I'm also curious about motorways which are not connected with any other motorway, only by local roads like this 22km stretch of A31 in the Netherlands
http://maps.google.nl/maps?f=d&hl=n...,5.605087&spn=0.099743,0.346069&t=h&z=12&om=1

the shortest ones:
A270, 6,1km
http://maps.google.nl/maps?f=d&hl=n...9,5.562344&spn=0.051869,0.11673&t=h&z=13&om=1

A261, 5,4km:
http://maps.google.nl/maps?f=d&hl=n...7,5.094738&spn=0.051706,0.11673&t=h&z=13&om=1

Longest straight segment: A7 Afsluitdijk, 22,5km
http://maps.google.nl/maps?f=d&hl=n...,5.218163&spn=0.200414,0.466919&t=h&z=11&om=1


----------



## Nephasto (Feb 6, 2004)

^^The longest straight segment could degenerate into a totally new thread, although in that one europe wouldn't ahve much to say. 

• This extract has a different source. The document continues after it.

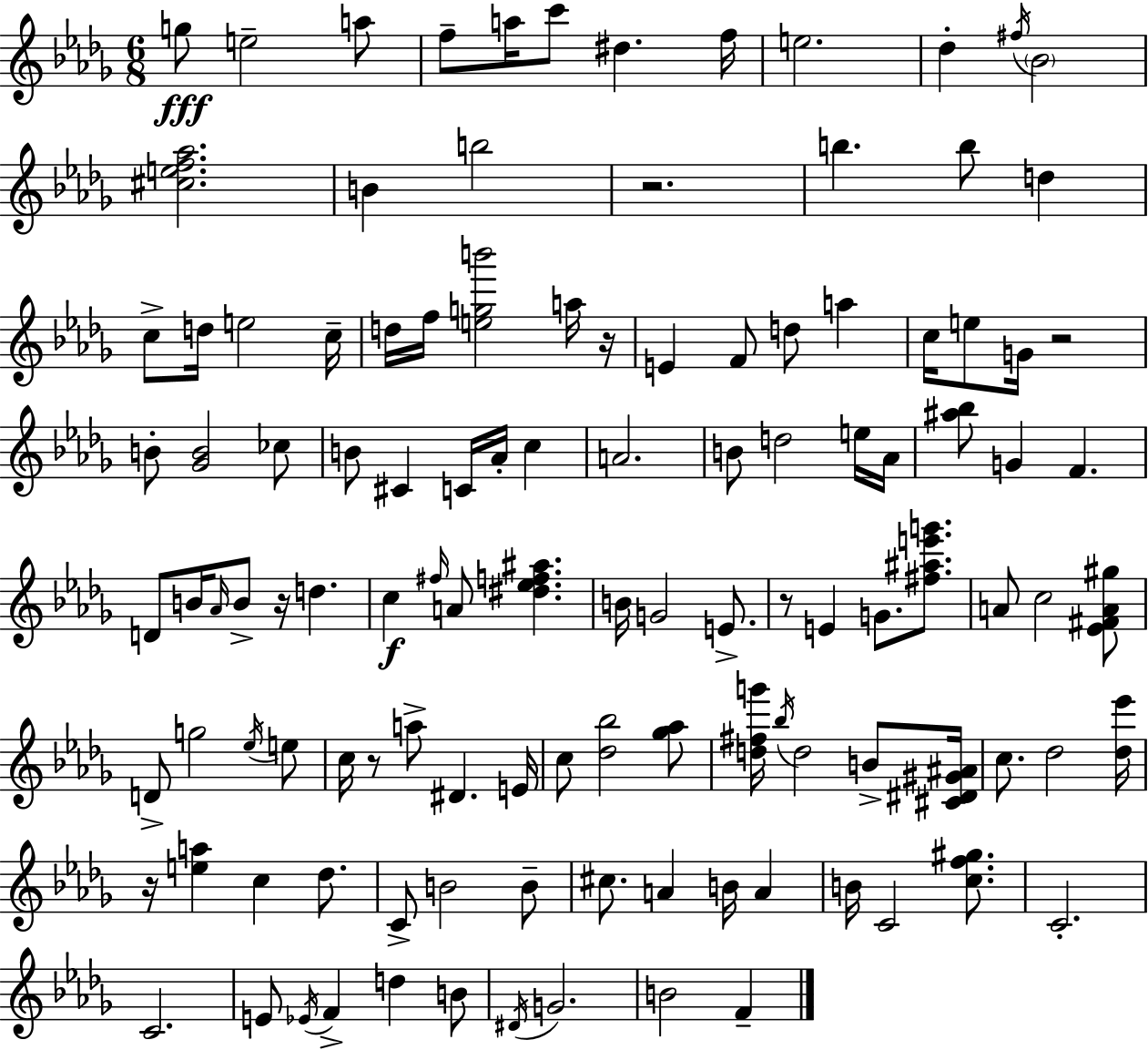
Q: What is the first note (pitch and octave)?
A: G5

Still, a good motorway shouldn't be built with long straight segment to avoid driving hipnosis and fatigue.

In Spain you can find some long straight stretches in freeways which were made upgrading the exisiting road, which had straight stretches.


----------



## CborG (Dec 2, 2003)

^^you are right. I guess the topic title should be changed so it covers Europe only (Sorry to all other continents, make your own) 
Something like; Europe: the longest, shortest, biggest and more

(And let's not argue weither it's a good or a bad thing if it's the most straight, narrow, wide etc. Sometimes there is no other solution, the Afsluitdijk in NL was built to be short and strong not to be pleasant to drive on.)


----------



## invincible (Sep 13, 2002)

CborG said:


> @Melbguy: nice, but in what catagory is it the longest?


None. Eastlink is an urban freeway which has plenty of regular exits.


In Victoria, the largest distance between exits would probably be somewhere along the M31 Hume Freeway if you forget about small roads used for property access. But even then, there's still an exit of some sort every 15-20km, and maybe one 30km stretch if you ignore the fact that a few minor roads intersect with the freeway with no proper interchange.


----------



## mgk920 (Apr 21, 2007)

CborG said:


> I'm also curious about motorways which are not connected with any other motorway, only by local roads like this 22km stretch of A31 in the Netherlands
> http://maps.google.nl/maps?f=d&hl=n...,5.605087&spn=0.099743,0.346069&t=h&z=12&om=1
> 
> the shortest ones:
> ...


Some interstates in the western USA go incredibly long distances between junctions with other motorways. I'm not sure on the exact distances, but I-80 between I-580 at Reno, NV and I-215 in the Salt Lake City, UT area is likely the longest at about 820 km. I-70 between I-15 (Cove Fort, UT) and CO 470 in the Denver, CO area (about 780 km) and I-94 between I-90 at Billings, MT and I-194 at Bismarck, ND (about 650 km) are also right up there.

There are also many non-interstate motorways, some fairly lengthy, in the USA that do not connect to other motorways.

The section of I-80 that I mentioned above also includes the USA's longest segment between interchanges on a 'free' motorway - between interchanges 4 and 41 in western Utah it is about 60 km of nothing but the Great Salt Lake Desert - nearly dead straight, dead level, no breaks in the flat and no interchanges.

As for the longest section between interchanges on a USA toll motorway, it is about 82 km between interchanges 193 and 242/4 on Florida's Turnpike southeast of Orlando, FL (82 km southbound, 79 km northbound - there is a single northbound off ramp at 242).

Mike


----------